A comprehensive machine learning pipeline that predicts student math scores based on demographic factors and other academic indicators. This project demonstrates end-to-end ML model development from data ingestion to production deployment with a modern Flask web interface.
The Student Performance Predictor uses machine learning to estimate a student's math score based on:
- Demographics: Gender, Race/Ethnicity
- Socioeconomic Factors: Parental education level, Lunch type
- Academic Indicators: Reading score, Writing score, Test preparation course completion
This project demonstrates industry-standard ML practices including data preprocessing, model training, evaluation, and deployment.

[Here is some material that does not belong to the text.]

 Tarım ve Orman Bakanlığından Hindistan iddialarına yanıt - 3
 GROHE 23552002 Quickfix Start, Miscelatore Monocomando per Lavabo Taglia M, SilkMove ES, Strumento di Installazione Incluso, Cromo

- Machine Learning Pipeline: Full ML workflow from data ingestion to prediction
- Data Processing: Automatic handling of categorical and numerical features
- Model Training: Multiple model training and hyperparameter tuning
- Web Interface: Beautiful, responsive UI for making predictions
- Error Handling: Comprehensive logging and custom exception handling
- Production Ready: Structured code following best practices
- Jupyter Notebooks: Exploratory Data Analysis (EDA) and model training notebooks
ML_Pipeline_Project/
├── app.py # Flask application and route handlers
├── requirements.txt # Project dependencies
├── setup.py # Package installation configuration
├── README.md # This file
│
├── src/ # Source code package
│ ├── __init__.py # Package initializer
│ ├── exception.py # Custom exception handling
│ ├── logger.py # Logging configuration
│ ├── utils.py # Utility functions
│ │
│ ├── components/ # ML Pipeline components
│ │ ├── data_ingestion.py # Data loading and splitting
│ │ ├── data_transformation.py # Feature engineering and preprocessing
│ │ └── model_trainer.py # Model training and evaluation
│ │
│ └── pipeline/ # Prediction pipeline
│ └── predict_pipeline.py # Inference pipeline and data validation
│
├── notebook/ # Jupyter notebooks for analysis
│ ├── 1. EDA STUDENT PERFORMANCE.ipynb # Exploratory Data Analysis
│ ├── 2. MODEL TRAINING.ipynb # Model development and training
│ └── data/
│ └── stud.csv # Raw student data
│
├── artifacts/ # Generated outputs
│ ├── train.csv # Training dataset
│ ├── test.csv # Testing dataset
│ └── data.csv # Full dataset
│
├── templates/ # Flask HTML templates
│ ├── index.html # Results display page
│ └── home.html # Prediction form page
│
├── logs/ # Application logs
└── ML_Pipeline_Project.egg-info/ # Package metadata
- Python 3.8 or higher
- pip (Python package manager)
- Virtual environment (recommended)
-
Clone or navigate to the project directory:
cd ML_Pipeline_Project -
Create a virtual environment (optional but recommended):
python -m venv venv source venv/bin/activate # On macOS/Linux # or venv\Scripts\activate # On Windows
-
Install dependencies:
pip install -r requirements.txt
Start the Flask development server:
python app.pyThe application will be available at:
- Local:
http://127.0.0.1:8080 - Network:
http://192.168.178.119:8080(adjust IP as needed)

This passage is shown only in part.